As you can tell by the photo, I am kind of partial to the Spheros


----------



## missplaced_idahoan (Feb 2, 2013)

:thumbsup: i appreciate all the input i think im gonna go with the battle, but we will see what online deals i can get. all the reels mentioned are above what im used to using, ive been catching fish all summer with a $32 walmart special, so i think all of them will be a night and day difference from what ive got. Thanks


----------



## Pompano Joe (Jan 28, 2009)

"FYI academy has all the spinfisher ssm's on clearance now. I got a 950 for 89 bucks." 
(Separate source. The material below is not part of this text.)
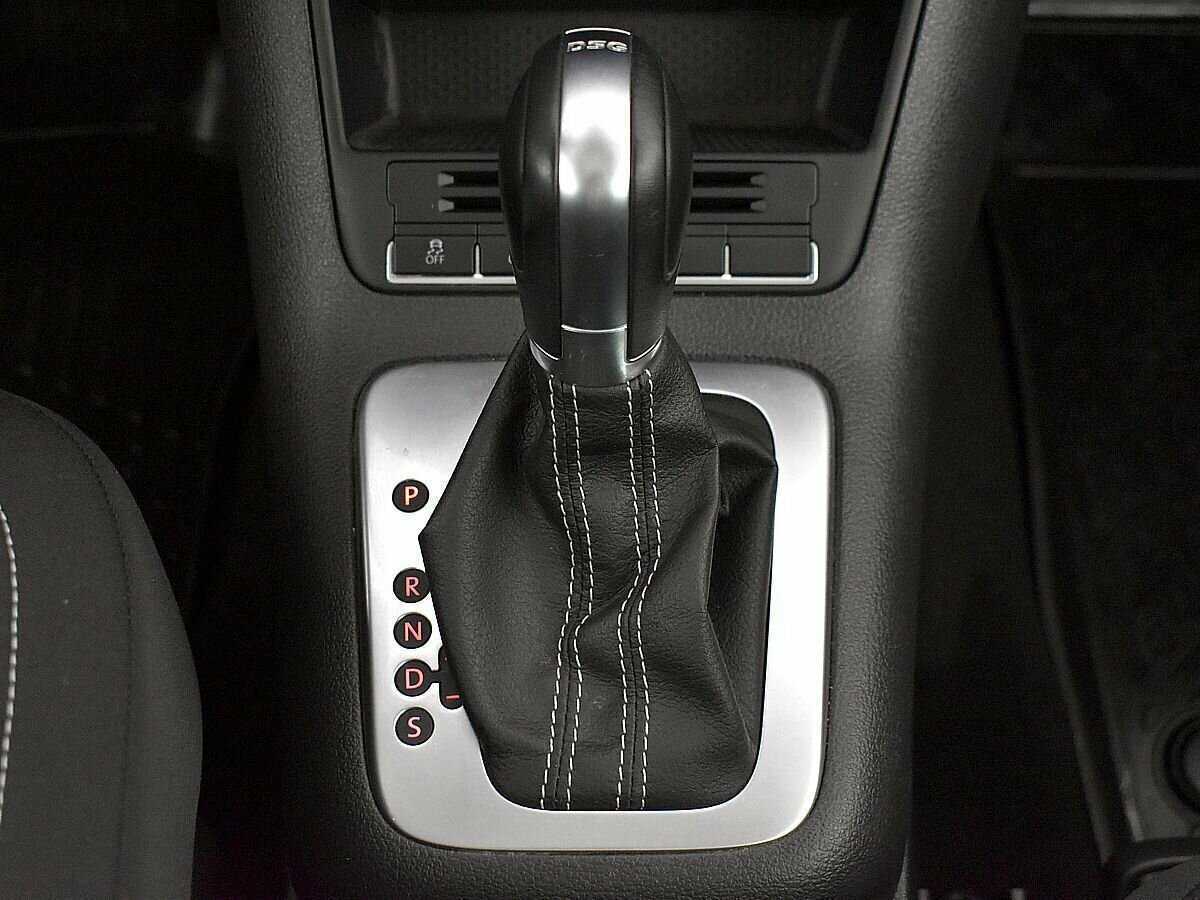 Volkswagen Tiguan, 2016 Фото №15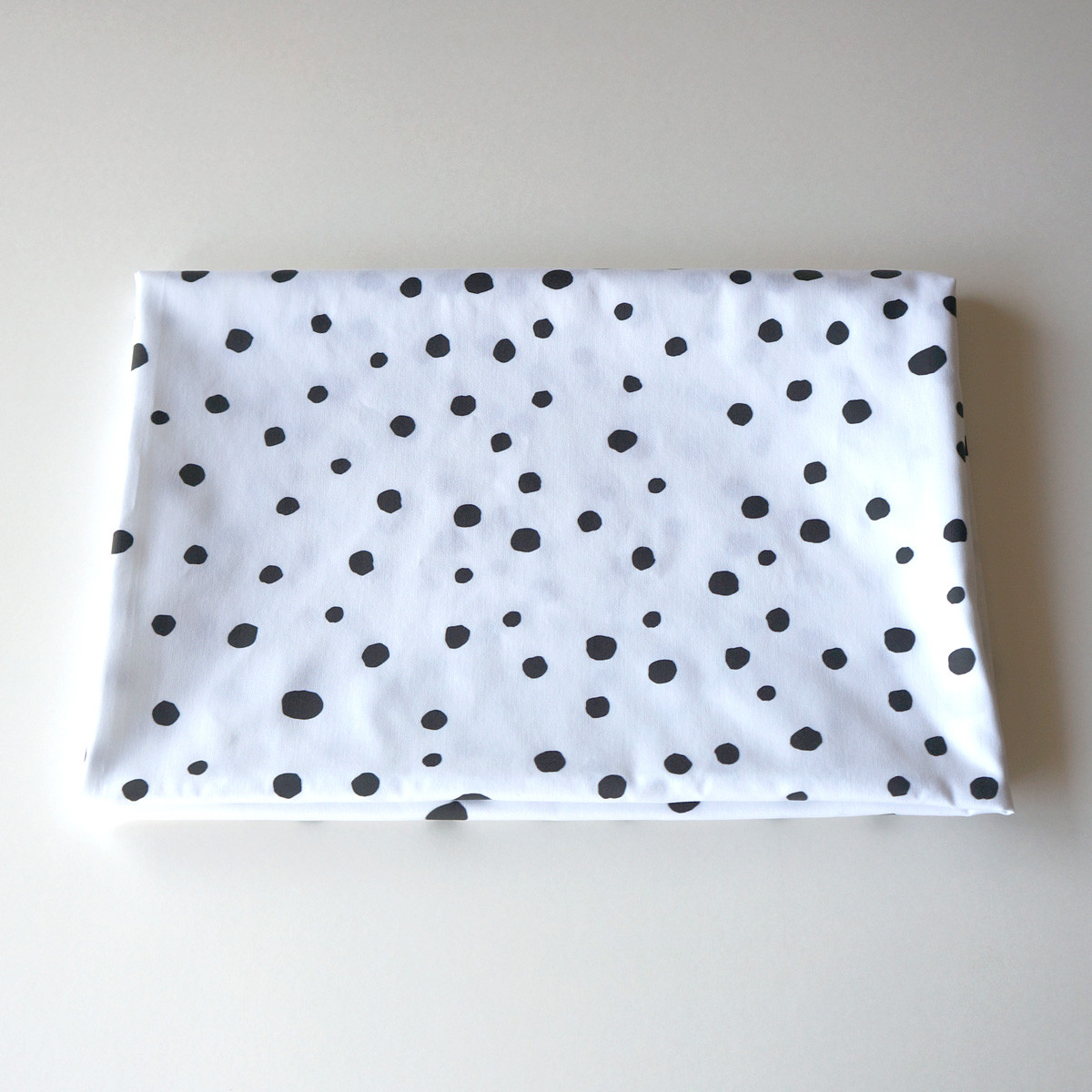 【142×97cm】サテン生地（オーガニックコットン）fuwa fuwa dot - a little big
What a deal! The gen. 4 reels are the Ford F-150 of reels. Absolute work-horses! Very minimal care and they'll last you forever, and parts are easy to come by. They should be going on clearance all over!


----------



## J0nesi (Jun 22, 2011)

Got the Penn Fierce 6000 and it has far exceeded my expectations so i talked a buddy of mine, who was looking into getting a new reel, to get the battle 6000. awesome reel! has yet to get anything big on it yet though. cant wait!


----------



## southern yakker (Jun 25, 2012)

I use a ssv and it is a truly amazing reel! Best reel I have owned. I've never used a battle buy I've heard they are really good reels and the feirces are pretty decent too. I've seen many 40 inch reds caught on a fierce no problem.my brother has the Penn ss and its also a really good reel and has caught quite a few big fish on it.if you can afford it go with the spinfisher v. I have the 8500 and it is far bigger than I need but I love knowing I can handle damn near anything on it.


----------



## Donnie24 (Jan 12, 2013)

sniperpeeps said:


> I have a Fierce 5000 that has performed flawlessly spooled with 30 lb braid


Totally agree with sniper! I have a penn fierce 4000 with 20lb braid an I love it!


----------